SCHRAMM: INTO THE MIND OF A SERIAL KILLER
A lonely serial killer falls off a ladder and lies dying in a pool of his own blood while his miserable life flashes before his eyes. Reality and delusion intermingle in his memories of rape and murder, an obsession with the prostitute next door, vaginas with teeth, and hammering nails into his own penis.
THE DEATH KING
A rotting human corpse supplies the framing device for seven different segments, one for each day of the week, exploring the themes of murder and suicide played out in variously shocking, exploitative, poignant or surreal ways. Hermann Kopp's fantastic electro-industrial score provides the finishing touch.
THE WAY TO EDEN
Jörg Buttgereit suggested this clear-eyed, philosophical documentary about the chief pathologist in a morgue on the outskirts of Budapest. At home, he leads a regular life with his family; at work, he dissects and eviscerates cadavers, peels back faces and cracks open craniums – all shown in non-sensationalist but unflinching detail.
DES MORTS
Three Belgian filmmakers spent two years filming death rituals, autopsies and mourning customs in various cultures around the world (including Nepal, Japan, Mexico and the USA) for this cinematic montage of "memento mori". The result is a respectful, detached anthropological study with some gruesome images.
BENNY'S VIDEO
Fourteen-year-old Benny, a pampered middle-class kid desensitized to the modern world, records everything he does on video - even when he's calmly committing a murder. The second film in Haneke's so-called Glaciation Trilogy, this is every bit as provocative and didactic as the same director's "Funny Games".
HARDCORE
George C. Scott gives a powerhouse performance as a straitlaced Midwest businessman who plunges into California's sleazy porn subculture in a desperate quest to find his missing daughter.
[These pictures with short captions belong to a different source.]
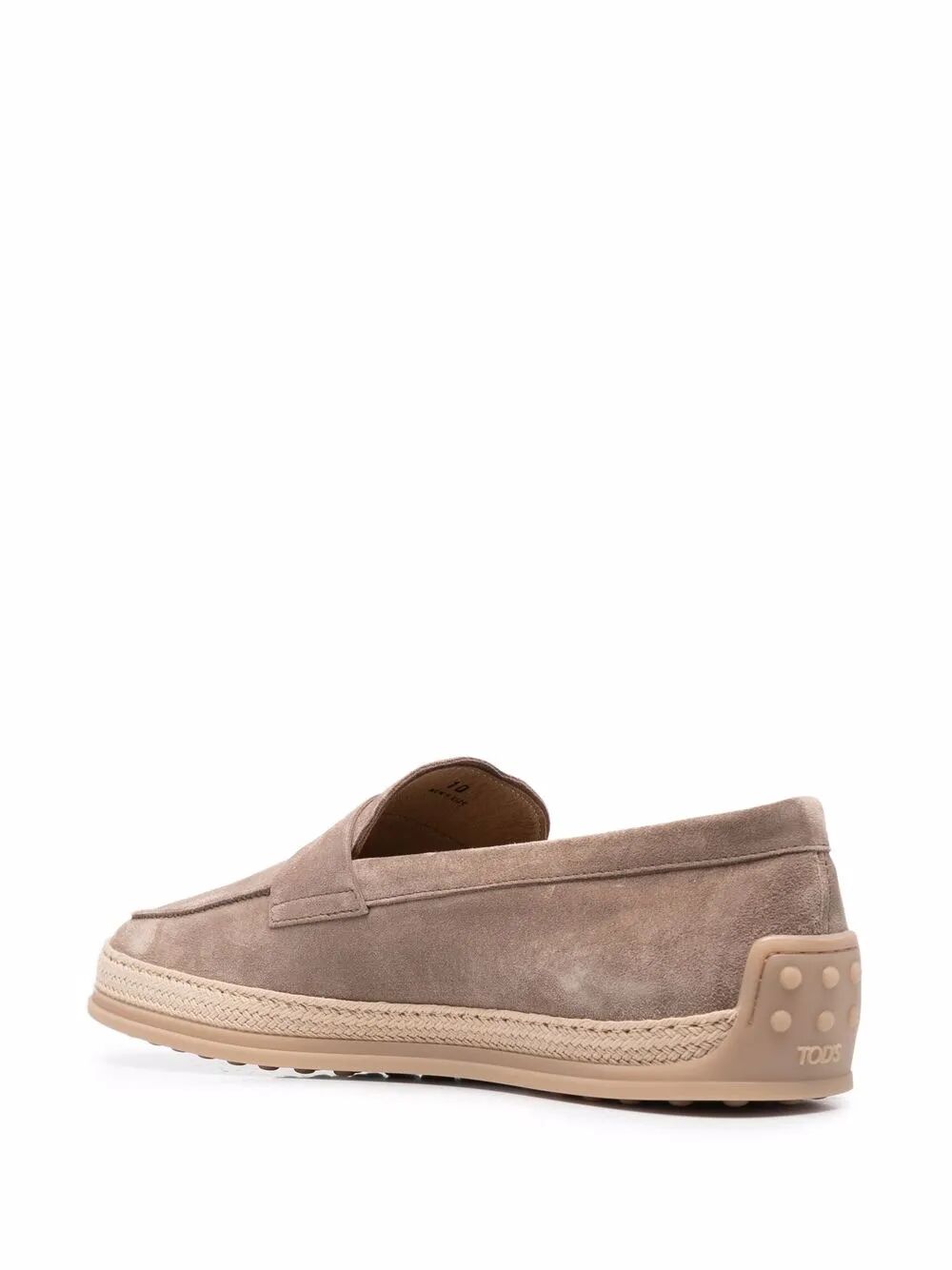 SUEDE LOAFERS WITH RUBBER OUTSOLE AND RAFFIA PIPING XXM0TV0FQ80BYEC407 (Tod's / ローファー ) | Tod's (トッズ)(2)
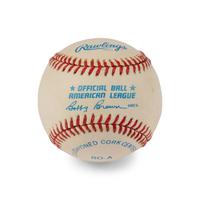 A Bowie Kuhn Single Signed Autograph Baseball (Beckett Authentication Services)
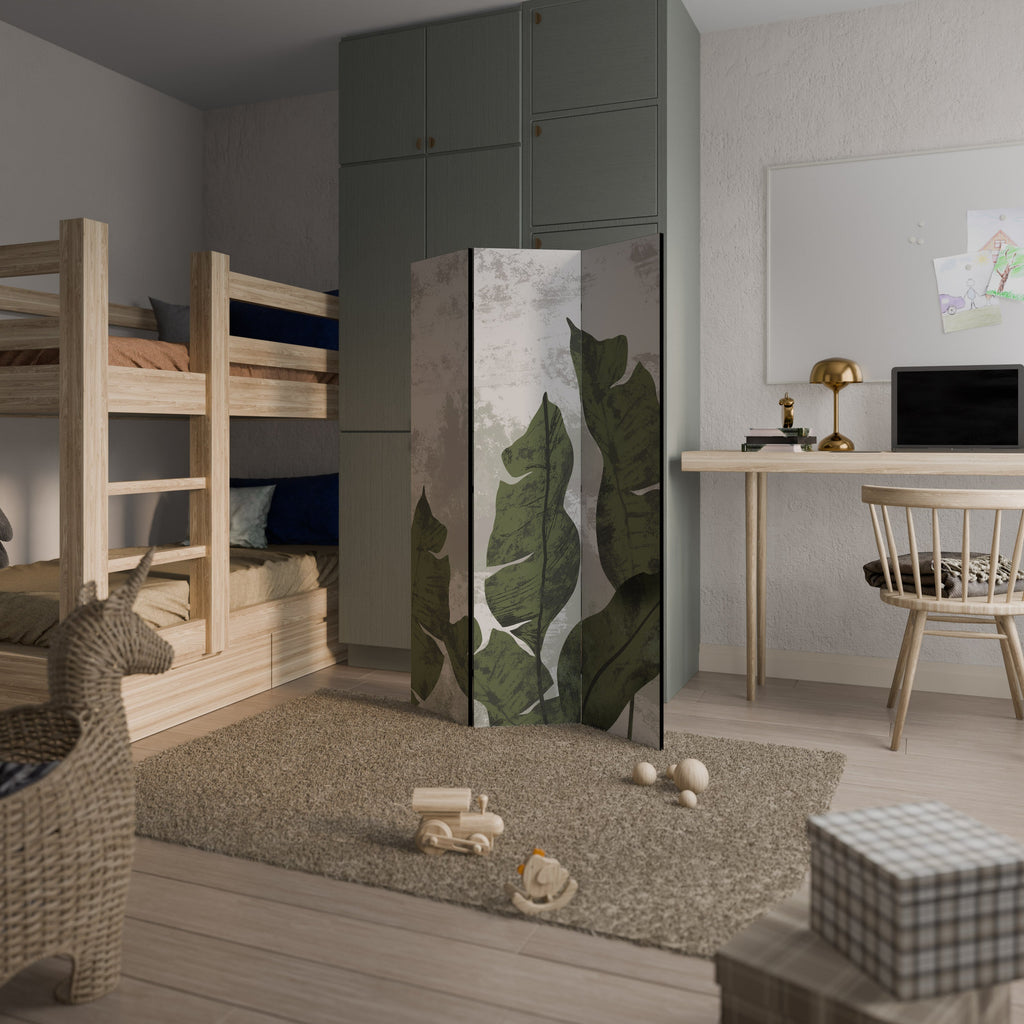 LEAF ECHO Biombo Decorativo de 3 Painéis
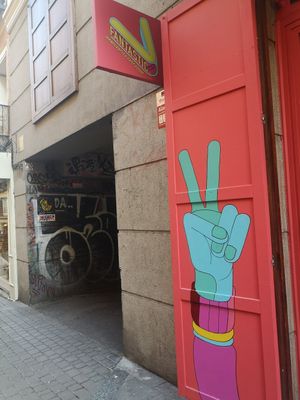 Door at Fantastic V in Madrid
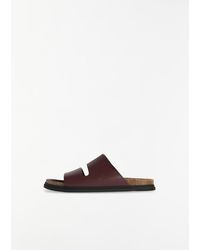 The Row - Band Leather Sandal - Lyst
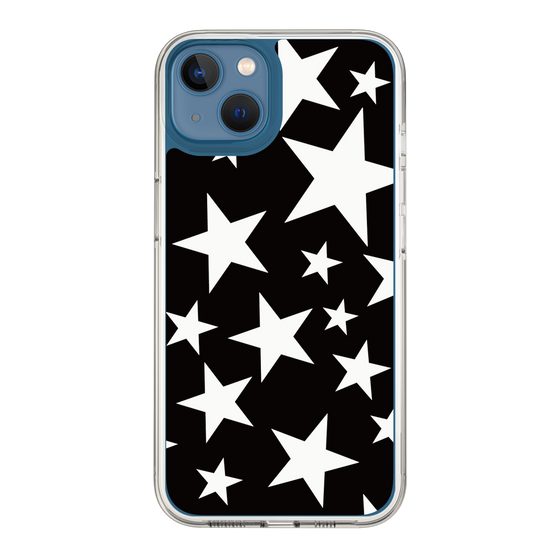 スリムプロテクションケース［ Stars - Black ］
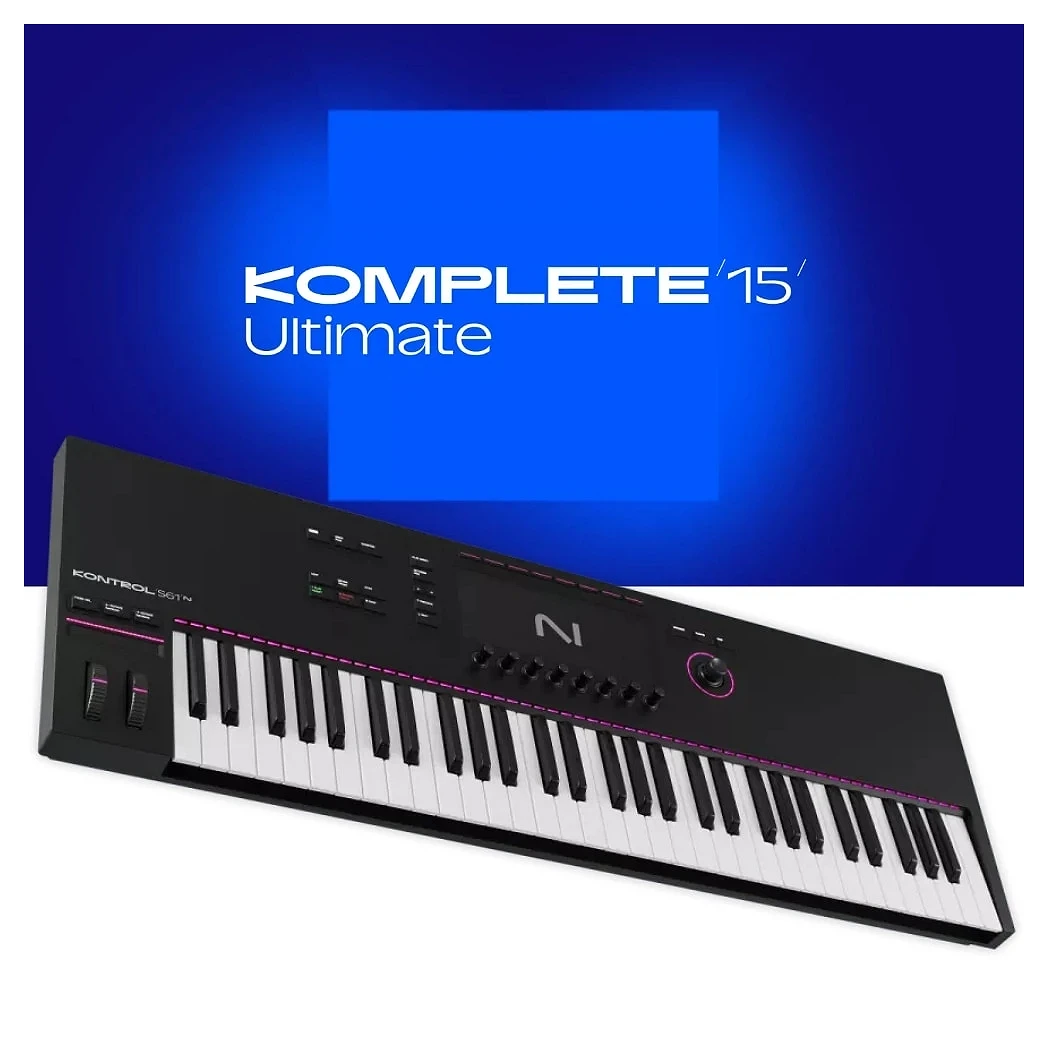 Native Instruments Kontrol S61 MK3 + Komplete 15 Ultimate Bundle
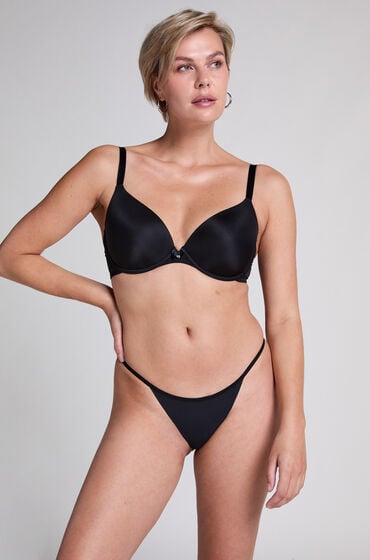 Hunkemöller Nahtloser String Schwarz von Hunkemöller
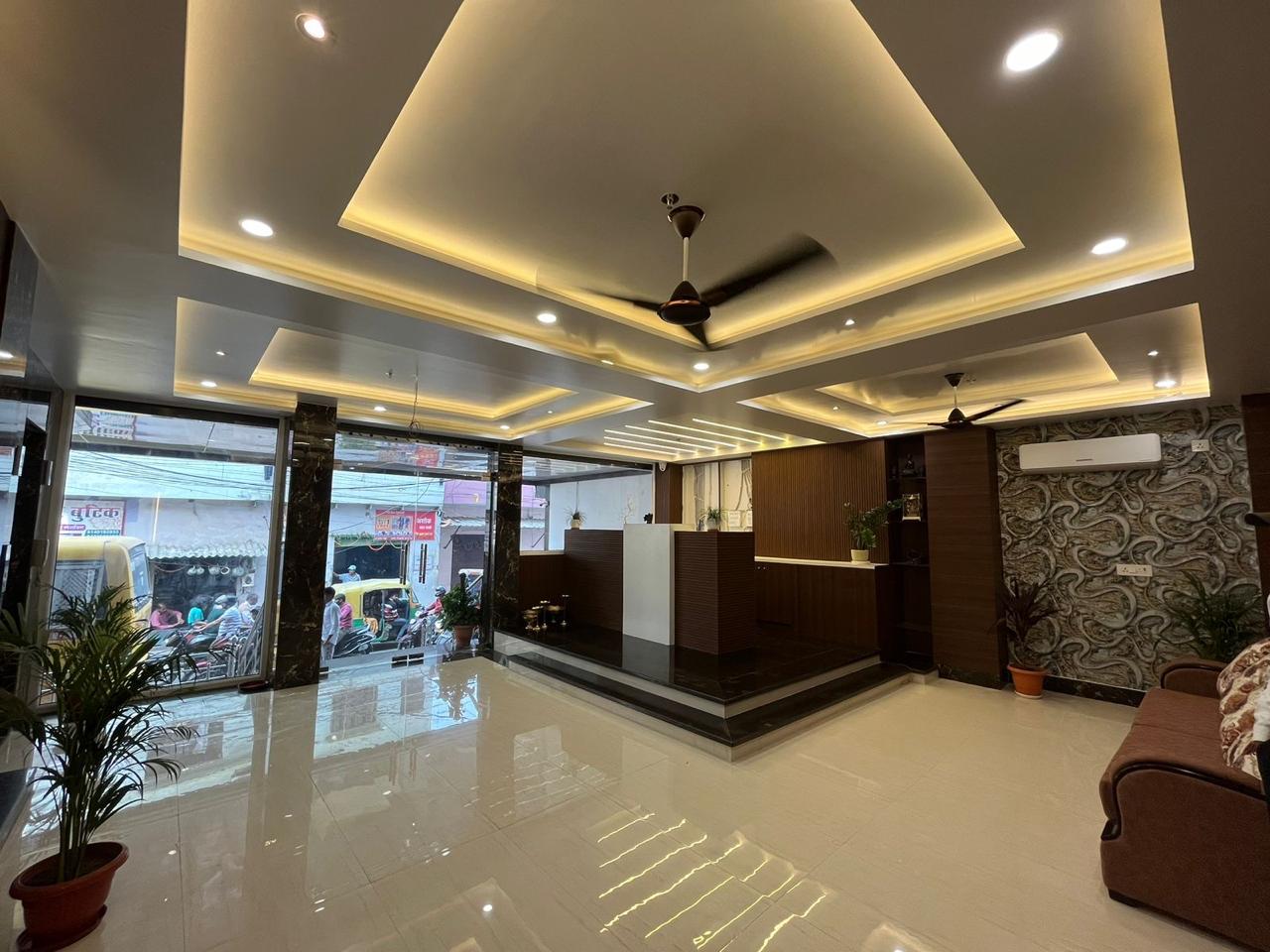 Warmly lit interiors ready for celebrations at Hotel Nandini Grand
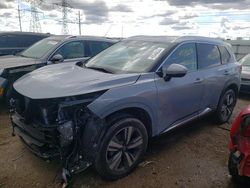 Salvage cars for sale from Copart Elgin, IL: 2021 Nissan Rogue SL
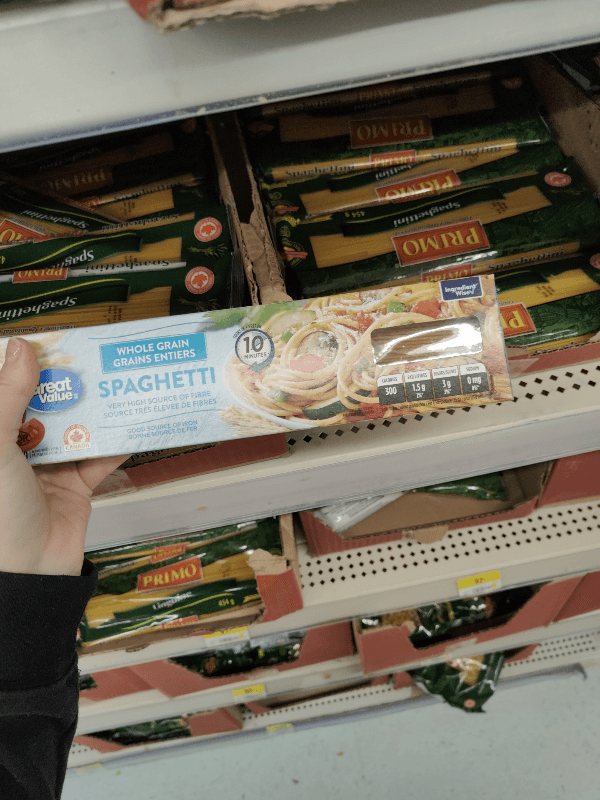 Great Value Whole Grain Spaghetti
Paul Schrader wrote and directed this descent into a netherworld where the line between S&M and snuff is dangerously thin.
SHOCKING ASIA
This German Mondo film, a big hit in its day, sets out to show how bizarre and sick-making Asian traditions can be with its xenophobic commentary on Japanese S&M clubs and Indian cremation. Among other delights on offer are extreme piercings, sex-change surgery, and the slaughter of animals.
[REC]
A TV reporter and her cameraman tag along with a firefighting crew and find themselves trapped in a Barcelona apartment building where residents are succumbing to a rabies-like virus. This rollercoaster of nerve-shredding tension and jump scares is one of the best entries in the "found footage" subgenre.
MONDO CANE
First and best of the series of "exotic" Mondo shockumentaries that infiltrated cinemas in the 60s, this also provided the template for the notorious "Faces of Death" films and similar compilations of footage of unstaged murders or suicides, depraved rituals, cruelty to animals and other brutish behaviour.
SNUFF
Deze controversiële sensatie begon als de low-budget horrorfilm "Slaughter" van Michael en Roberta Findlay. Zonder medeweten van de regisseurs, plakte distributeur/producent Allan Shackleton er een nieuw einde aan (waarin de film crew een moord pleegt) en promootte het als een waargebeurde snuff film.
THE BLAIR WITCH PROJECT
Three students go into the woods to make a documentary about a local legend, and vanish. The only clue to their fates lies in the spooky footage they left behind. This semi-improvised low-budget chiller wasn't the first "found footage" film, but canny internet marketing turned it into a media sensation.